Within SQL Server, there is a built in function called DBCC CHECKIDENT, and it allows you to reseed the identity row to start at a specified number. Lets say that a table (lets call it TableA) has rows in it ranging from row 1 through 100, and for some reason rows 90 through 100 need to be deleted. Clearance is received from the auditors that these records can be deleted, and voila, a few minutes later 10 rows have been removed from the table. As time goes by an application inserts new rows into the table, however when the table is inspected you notice that the new rows have been inserted with identity rows starting at 101 upwards, and that the identity didn’t continue from 90 as expected. Because of the way MS-SQL handles Row IDs, it remembers the last Identity Row number per table, and just continues from that number forward when new data is inserted into that particular table, regardless if some or all of the data has been deleted from it.

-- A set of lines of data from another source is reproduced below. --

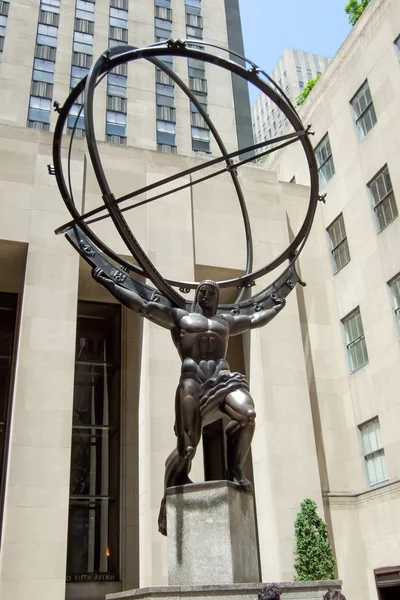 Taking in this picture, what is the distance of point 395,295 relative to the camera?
19125mm

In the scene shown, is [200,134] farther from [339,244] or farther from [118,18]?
[339,244]

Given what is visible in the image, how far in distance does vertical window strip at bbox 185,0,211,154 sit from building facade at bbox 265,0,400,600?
18.7m

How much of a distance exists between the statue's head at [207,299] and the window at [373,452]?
13.4m

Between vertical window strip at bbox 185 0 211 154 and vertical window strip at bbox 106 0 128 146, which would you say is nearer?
vertical window strip at bbox 106 0 128 146

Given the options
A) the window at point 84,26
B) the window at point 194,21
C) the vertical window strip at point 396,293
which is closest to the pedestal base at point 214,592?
the vertical window strip at point 396,293

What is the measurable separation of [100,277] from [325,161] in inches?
746

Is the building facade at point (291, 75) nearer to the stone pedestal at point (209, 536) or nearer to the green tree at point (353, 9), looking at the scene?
the green tree at point (353, 9)

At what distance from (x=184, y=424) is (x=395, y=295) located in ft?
46.7

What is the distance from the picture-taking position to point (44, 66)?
4047 centimetres

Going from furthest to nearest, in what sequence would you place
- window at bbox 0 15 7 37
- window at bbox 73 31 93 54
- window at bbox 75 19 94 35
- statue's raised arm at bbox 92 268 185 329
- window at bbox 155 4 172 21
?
1. window at bbox 155 4 172 21
2. window at bbox 75 19 94 35
3. window at bbox 73 31 93 54
4. window at bbox 0 15 7 37
5. statue's raised arm at bbox 92 268 185 329

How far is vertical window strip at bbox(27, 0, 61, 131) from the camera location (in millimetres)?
38344

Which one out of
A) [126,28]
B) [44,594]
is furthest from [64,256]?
[126,28]

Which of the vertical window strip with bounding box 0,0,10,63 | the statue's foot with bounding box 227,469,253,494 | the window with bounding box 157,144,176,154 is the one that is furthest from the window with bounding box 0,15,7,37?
the statue's foot with bounding box 227,469,253,494

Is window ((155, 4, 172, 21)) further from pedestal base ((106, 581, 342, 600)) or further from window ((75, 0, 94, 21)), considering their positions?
pedestal base ((106, 581, 342, 600)) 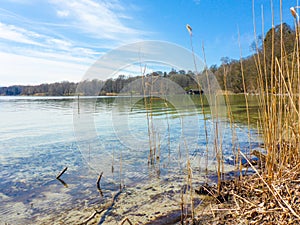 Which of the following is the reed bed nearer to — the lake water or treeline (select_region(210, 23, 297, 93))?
treeline (select_region(210, 23, 297, 93))

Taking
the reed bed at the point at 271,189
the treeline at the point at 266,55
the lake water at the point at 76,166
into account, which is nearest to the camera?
the reed bed at the point at 271,189

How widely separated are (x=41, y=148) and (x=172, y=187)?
4238 mm

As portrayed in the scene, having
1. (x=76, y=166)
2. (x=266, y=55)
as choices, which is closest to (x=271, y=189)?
(x=266, y=55)

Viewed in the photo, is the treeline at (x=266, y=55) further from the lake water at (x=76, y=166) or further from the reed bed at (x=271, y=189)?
the lake water at (x=76, y=166)

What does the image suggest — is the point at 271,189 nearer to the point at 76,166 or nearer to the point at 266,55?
the point at 266,55

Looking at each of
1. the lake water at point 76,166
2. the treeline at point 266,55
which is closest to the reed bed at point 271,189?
the treeline at point 266,55

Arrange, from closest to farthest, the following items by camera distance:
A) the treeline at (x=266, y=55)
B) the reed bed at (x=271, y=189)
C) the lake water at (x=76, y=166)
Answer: the reed bed at (x=271, y=189) → the treeline at (x=266, y=55) → the lake water at (x=76, y=166)

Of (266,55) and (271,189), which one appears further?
(266,55)

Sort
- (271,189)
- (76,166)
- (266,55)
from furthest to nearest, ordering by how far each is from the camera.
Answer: (76,166) → (266,55) → (271,189)

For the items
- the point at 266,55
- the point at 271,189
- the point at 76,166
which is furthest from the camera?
the point at 76,166

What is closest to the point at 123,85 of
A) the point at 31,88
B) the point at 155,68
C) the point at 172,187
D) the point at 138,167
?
Result: the point at 155,68

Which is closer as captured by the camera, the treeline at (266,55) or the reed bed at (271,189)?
the reed bed at (271,189)

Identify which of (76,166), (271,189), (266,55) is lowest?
(76,166)

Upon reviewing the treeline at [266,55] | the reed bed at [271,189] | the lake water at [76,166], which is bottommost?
the lake water at [76,166] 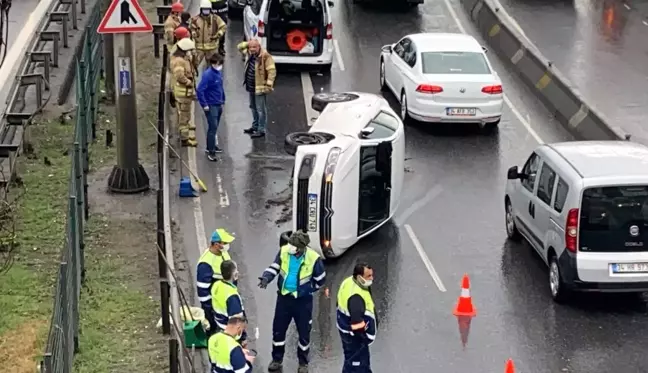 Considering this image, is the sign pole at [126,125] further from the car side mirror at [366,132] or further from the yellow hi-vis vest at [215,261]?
the yellow hi-vis vest at [215,261]

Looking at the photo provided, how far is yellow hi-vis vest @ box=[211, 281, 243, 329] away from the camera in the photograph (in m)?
12.5

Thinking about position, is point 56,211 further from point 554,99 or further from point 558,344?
point 554,99

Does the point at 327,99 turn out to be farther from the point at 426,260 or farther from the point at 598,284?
the point at 598,284

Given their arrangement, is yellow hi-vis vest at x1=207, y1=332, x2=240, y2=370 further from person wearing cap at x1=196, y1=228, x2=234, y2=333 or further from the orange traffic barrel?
the orange traffic barrel

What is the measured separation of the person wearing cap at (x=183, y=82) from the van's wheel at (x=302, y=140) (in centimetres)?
403

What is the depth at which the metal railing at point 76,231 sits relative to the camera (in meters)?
11.8

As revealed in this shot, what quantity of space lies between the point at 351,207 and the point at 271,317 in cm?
Answer: 216

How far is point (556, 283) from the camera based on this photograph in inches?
623

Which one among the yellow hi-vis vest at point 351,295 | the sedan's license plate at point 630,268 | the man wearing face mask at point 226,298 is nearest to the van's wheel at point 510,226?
the sedan's license plate at point 630,268

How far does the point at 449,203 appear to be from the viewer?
19250mm

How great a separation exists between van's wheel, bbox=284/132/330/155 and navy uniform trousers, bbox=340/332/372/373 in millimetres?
4025

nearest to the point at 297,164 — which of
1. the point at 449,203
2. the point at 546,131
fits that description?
the point at 449,203

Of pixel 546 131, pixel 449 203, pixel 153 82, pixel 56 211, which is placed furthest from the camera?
pixel 153 82

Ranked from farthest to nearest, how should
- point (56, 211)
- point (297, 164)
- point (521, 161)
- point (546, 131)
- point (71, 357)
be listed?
1. point (546, 131)
2. point (521, 161)
3. point (56, 211)
4. point (297, 164)
5. point (71, 357) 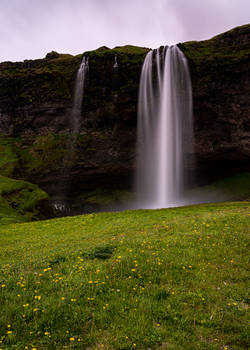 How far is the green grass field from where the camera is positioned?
508 cm

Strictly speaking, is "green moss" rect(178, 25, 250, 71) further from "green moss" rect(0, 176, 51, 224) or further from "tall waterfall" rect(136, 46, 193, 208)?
"green moss" rect(0, 176, 51, 224)

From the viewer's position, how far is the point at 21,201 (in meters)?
34.3

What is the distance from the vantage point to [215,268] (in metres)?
8.70

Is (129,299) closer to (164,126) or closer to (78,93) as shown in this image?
(164,126)

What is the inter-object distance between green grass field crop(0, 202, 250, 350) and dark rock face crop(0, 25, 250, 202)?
48619mm

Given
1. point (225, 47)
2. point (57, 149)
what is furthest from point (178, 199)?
point (225, 47)

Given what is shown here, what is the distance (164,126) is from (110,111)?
13.0 meters

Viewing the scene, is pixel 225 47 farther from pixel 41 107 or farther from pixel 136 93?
pixel 41 107

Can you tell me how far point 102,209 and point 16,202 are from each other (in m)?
22.8

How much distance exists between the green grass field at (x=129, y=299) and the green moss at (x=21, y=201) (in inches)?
920

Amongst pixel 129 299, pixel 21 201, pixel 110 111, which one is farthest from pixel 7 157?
pixel 129 299

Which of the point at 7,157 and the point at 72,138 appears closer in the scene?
the point at 7,157

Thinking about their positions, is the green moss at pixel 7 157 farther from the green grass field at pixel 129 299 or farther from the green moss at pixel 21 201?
the green grass field at pixel 129 299

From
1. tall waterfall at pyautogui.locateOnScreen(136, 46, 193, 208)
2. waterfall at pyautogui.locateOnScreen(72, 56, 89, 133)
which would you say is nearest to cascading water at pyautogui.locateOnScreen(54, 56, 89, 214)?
waterfall at pyautogui.locateOnScreen(72, 56, 89, 133)
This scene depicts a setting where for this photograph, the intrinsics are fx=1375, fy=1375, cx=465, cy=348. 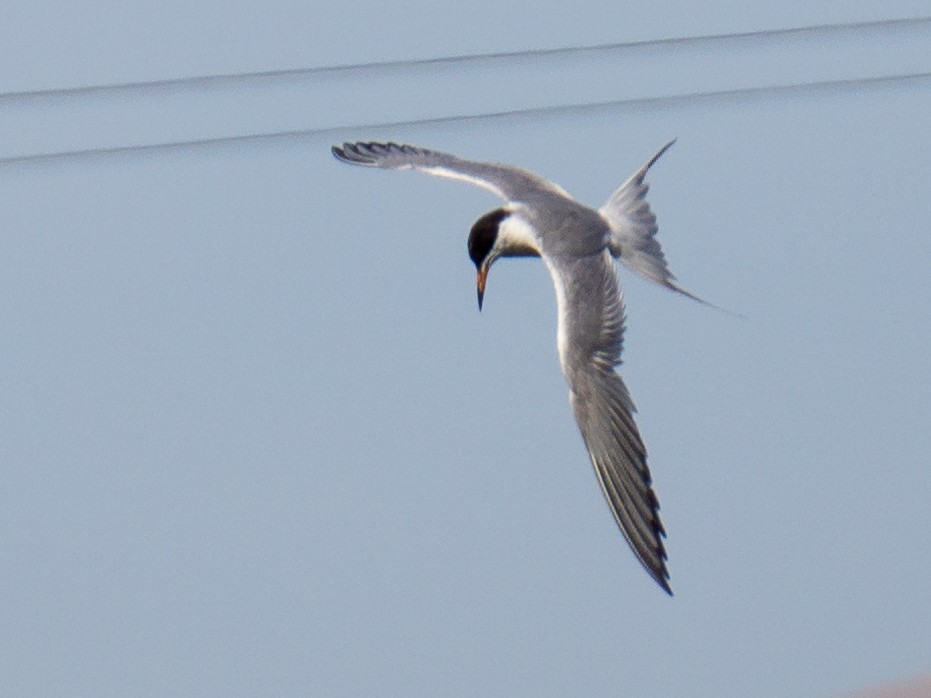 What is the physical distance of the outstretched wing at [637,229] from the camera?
4.80 ft

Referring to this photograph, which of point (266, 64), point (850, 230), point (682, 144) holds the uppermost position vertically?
point (266, 64)

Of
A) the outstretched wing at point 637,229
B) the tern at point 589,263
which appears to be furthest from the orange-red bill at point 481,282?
the outstretched wing at point 637,229

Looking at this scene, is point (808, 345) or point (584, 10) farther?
point (808, 345)

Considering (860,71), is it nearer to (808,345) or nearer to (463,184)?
(808,345)

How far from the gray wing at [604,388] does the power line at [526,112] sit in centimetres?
16

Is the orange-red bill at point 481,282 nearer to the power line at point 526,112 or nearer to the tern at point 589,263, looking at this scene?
the tern at point 589,263

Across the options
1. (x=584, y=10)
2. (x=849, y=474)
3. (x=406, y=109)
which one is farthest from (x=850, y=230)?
(x=406, y=109)

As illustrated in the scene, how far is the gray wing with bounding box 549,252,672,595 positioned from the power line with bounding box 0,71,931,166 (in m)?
0.16

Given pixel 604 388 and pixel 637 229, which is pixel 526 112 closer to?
pixel 637 229

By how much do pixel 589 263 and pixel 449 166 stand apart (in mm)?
183

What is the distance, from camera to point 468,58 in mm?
1421

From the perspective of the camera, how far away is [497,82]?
4.68ft

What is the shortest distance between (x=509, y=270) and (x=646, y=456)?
0.83 ft

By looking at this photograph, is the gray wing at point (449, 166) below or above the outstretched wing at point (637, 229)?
above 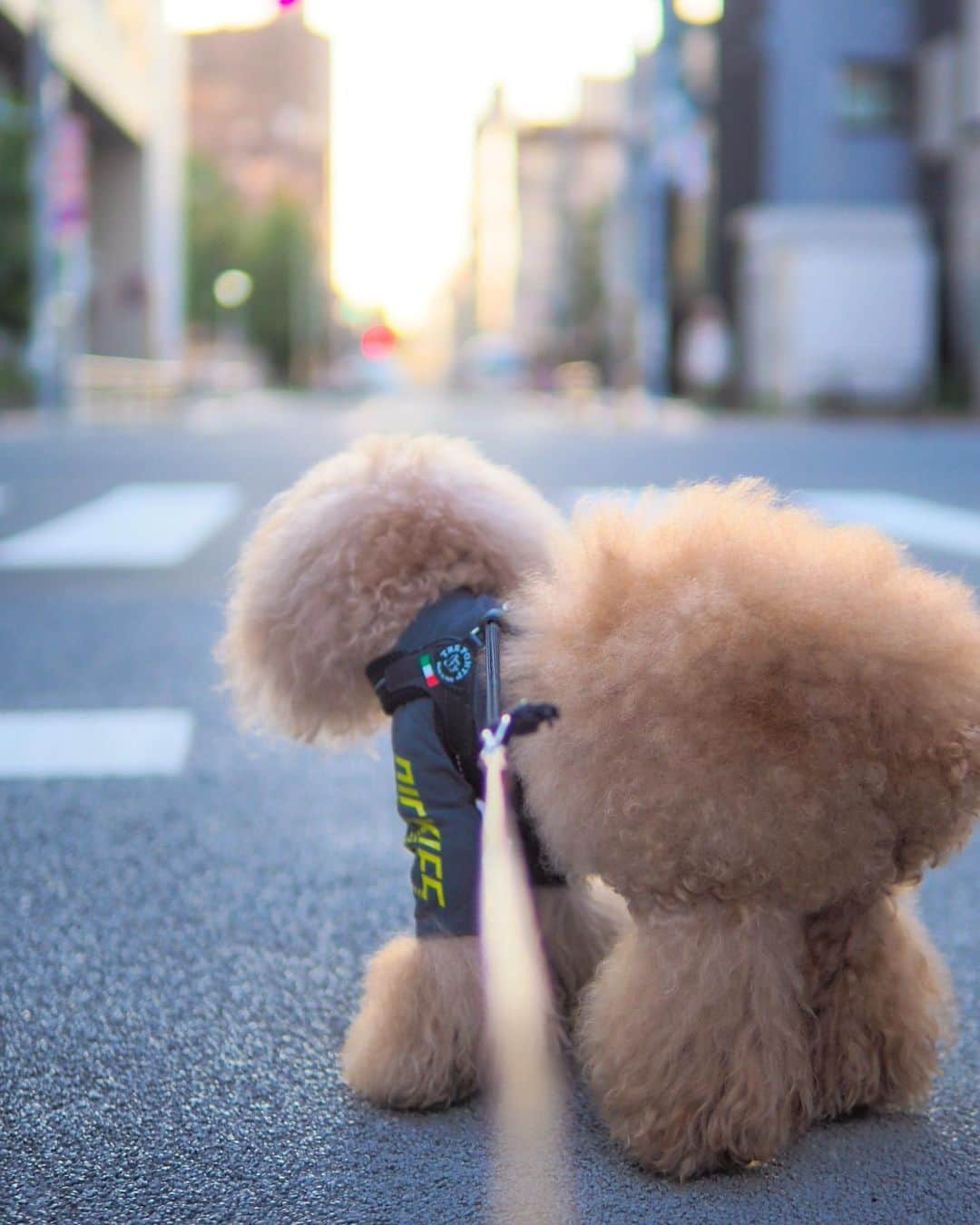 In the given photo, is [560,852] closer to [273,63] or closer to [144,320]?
[144,320]

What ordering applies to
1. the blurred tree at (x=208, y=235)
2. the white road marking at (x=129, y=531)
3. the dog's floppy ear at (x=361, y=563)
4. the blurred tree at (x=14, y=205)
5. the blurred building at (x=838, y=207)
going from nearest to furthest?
the dog's floppy ear at (x=361, y=563)
the white road marking at (x=129, y=531)
the blurred tree at (x=14, y=205)
the blurred building at (x=838, y=207)
the blurred tree at (x=208, y=235)

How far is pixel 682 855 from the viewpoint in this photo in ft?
6.23

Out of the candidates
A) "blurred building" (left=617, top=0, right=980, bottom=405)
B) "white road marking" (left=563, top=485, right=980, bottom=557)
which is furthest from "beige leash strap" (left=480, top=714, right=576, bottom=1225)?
"blurred building" (left=617, top=0, right=980, bottom=405)

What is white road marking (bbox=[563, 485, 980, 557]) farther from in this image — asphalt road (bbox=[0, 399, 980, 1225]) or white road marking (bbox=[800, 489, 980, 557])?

To correct this, you need to determine the row id that you would like new rows to start at (in this case it’s 90), subtract one from it (making it 89), and then you need to run the following code:
DBCC CHECKIDENT (TableA, reseed, 89).
This will tell SQL that the last identity record for the specified table is 89, and so SQL will add one (1) to this value when inserting new data into the table. Of course the identity rows don’t need to start off exactly from the previous row. If you want the identity rows to start at 150, then the same code as above can be run, however the 89 would need to be replaced by 149.